Chicago Magazine editor Emmet Sullivan joins us on Chicago Tonight at 7:00 pm with his picks for summer's best festivals.
Pitchfork Music Festival, $45
July 13-15, Union Park
One of Chicago's biggest music festivals, Pitchfork returns this year to Union Park. The weekend passes are sold out (again) but you can still buy daily tickets to check out featured acts like Sleigh Bells and Animal Collective, and headliners Feist, Grimes, and Vampire Weekend. If you're looking to avoid the crush of sweaty Chicagoans, you can watch some of the acts on Pitchfork's livestream, hosted on their YouTube channel. But if you're there in person, you can check out the Soundplay arcade, featuring indie video games designed around a single song.
Wicker Park Fest, $5
July 28-29, Milwaukee Avenue between North and Paulina
Wicker Park Fest is part of the Chicago tradition of neighborhood festivals, says Sullivan, who recently moved to Bucktown from New York City. "In New York, they close down streets for block parties, but they stretch across three to four neighborhoods. There’s a neighborhood pride in Chicago that’s not really replicated elsewhere."
Wicker Park Fest has something for everyone--face painting, food, etc.--but efforts are made to evoke the sense of the neighborhood. "Lucero is performing there this year, a punk country band that few other neighborhoods would think to do." Sullivan says. "Finding the band and the food to match up with the area’s vibe is important."
Square Roots Festival, $10
July 20-22, Lincoln Avenue between Montrose and Wilson
Square Roots is one of the few new festivals this year. The Old Town School of Folk Music had been hosting their Folk and Roots festival for over a decade, but decided to rebrand itself and partner with local craft breweries. The change is a smart move, Sullivan says, by offering more variety than other festivals.

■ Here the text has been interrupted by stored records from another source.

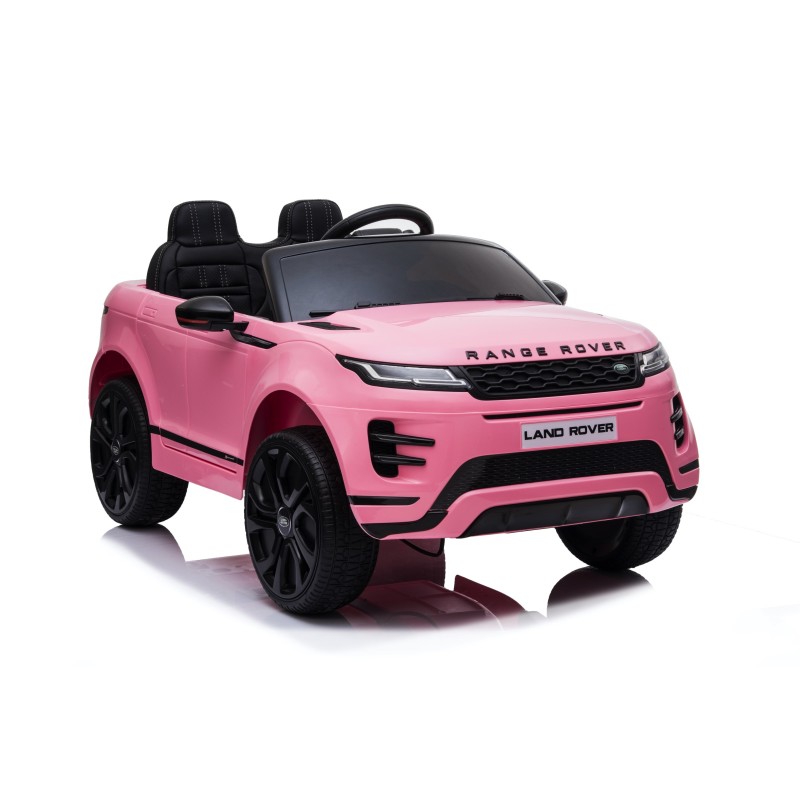 Auto Macchina Elettrica Range Rover Evoque 12V per Bambini porte apribili Con telecomando Full accessori (ROSA)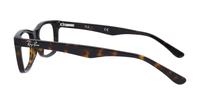 Dark Havana Ray-Ban RB5228-50 Square Glasses - Side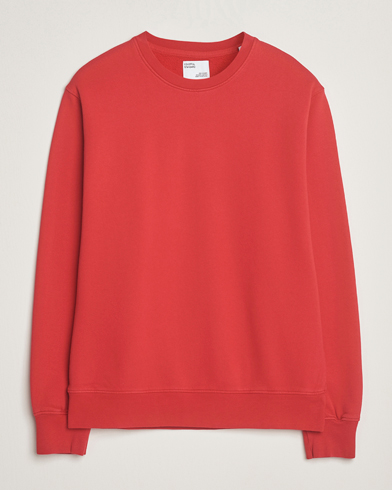 Colorful Standard Classic Organic Crew Neck Sweat Scarlet Red – Rot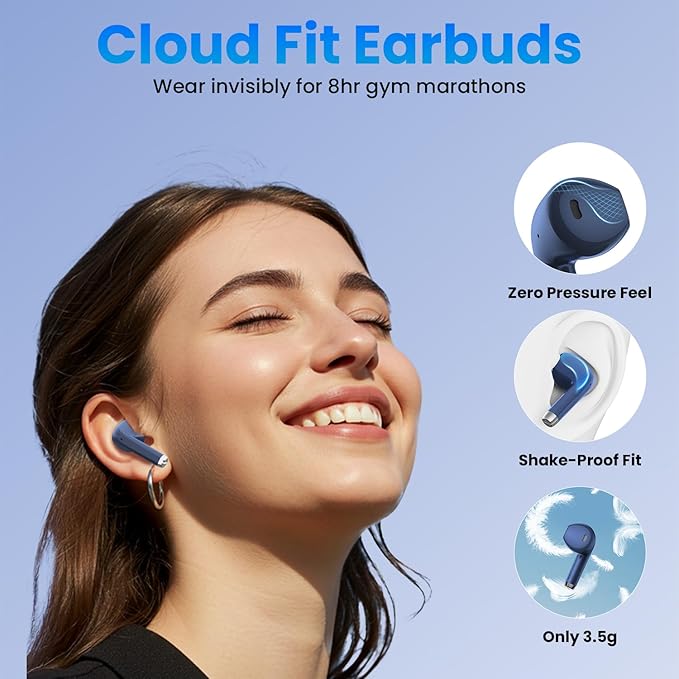 Wireless Earbuds, 48H Playback Ear Buds - Image 4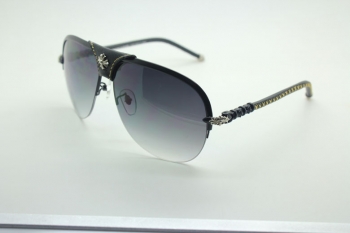 Chrome Hearts XYKCHER Black Frame Sunglasses online outlet shop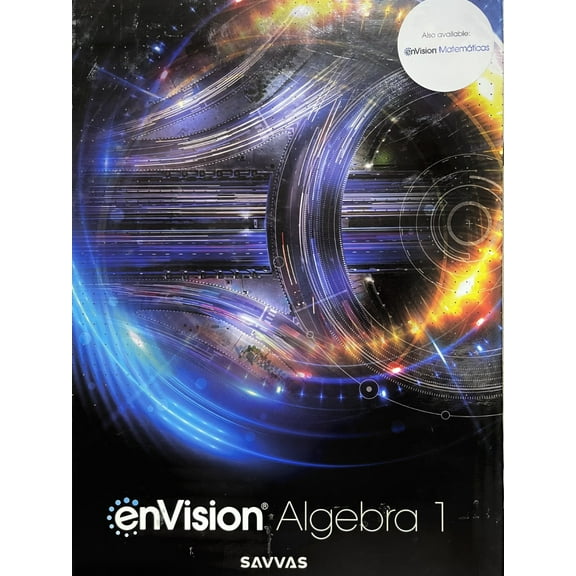 Pre-Owned ENVISION AGA COMMON CORE STUDENT EDITION ALGEBRA 1 GRADE 8/9 COPYRIGHT 2024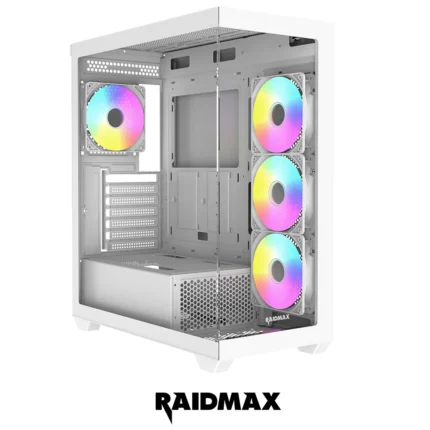 CASE RAIDMAX INFINITA I800 WH 4X FANS ARGB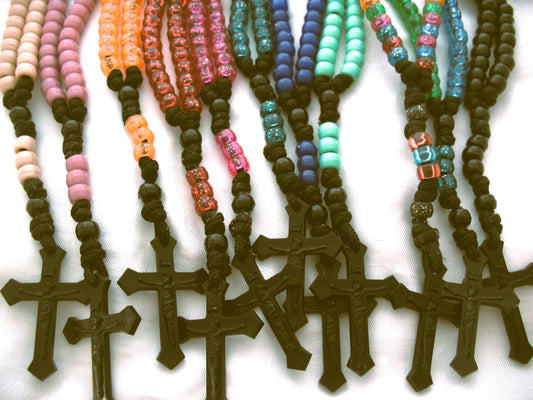 Rosary - Cord Paracord with Plastic Crucifix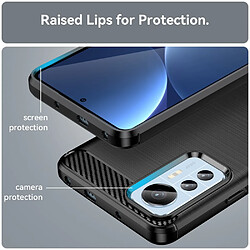 Avis Htdmobiles Coque pour Xiaomi 12 Lite 5G - housse etui silicone gel carbone + film ecran - NOIR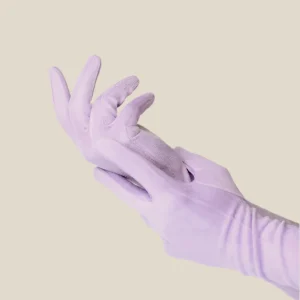 Guantes largos Lila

"People have come to expect more from these festivals. It's not enough to just have music," he says. "The beer offerings are a real way to stand out. They’re trying to draw a new audience and remix themselves, shake it up and see what works."
Retro on Roscoe, $10
August 11-12, Roscoe Avenue between Oakley and Damen
Chicago Magazine calls it one of the city's largest street festivals with some of the best music--especially if you're an '80s aficionado. "It's a huge nostalgia fest," says Sullivan, with '80s tribute bands and over 50 antique and muscle cars on display. It seems like the core Roscoe audience is someone who grew up loving hairbangers, but now has kids of their own. "With face painting and balloon animals, they’re really emphasizing the kids part of the fest," he says.
Printer's Ball, Free
July 20, 1104 S. Wabash Avenue
Part party, part live demonstration, part performance art--Printer's Ball is a showcase of literature across genres and form. Above a DJ'd party, participants will learn how to use printing presses, listen to poetry readings, and sample a host of independent magazines. "It’s very important to show culture isn’t just music," Sullivan says. "Literature deserves it own night. Printer’s Row Lit Fest is great during the day, but this is a party to celebrate literature across all forms, and a celebration of what’s going on in Chicago."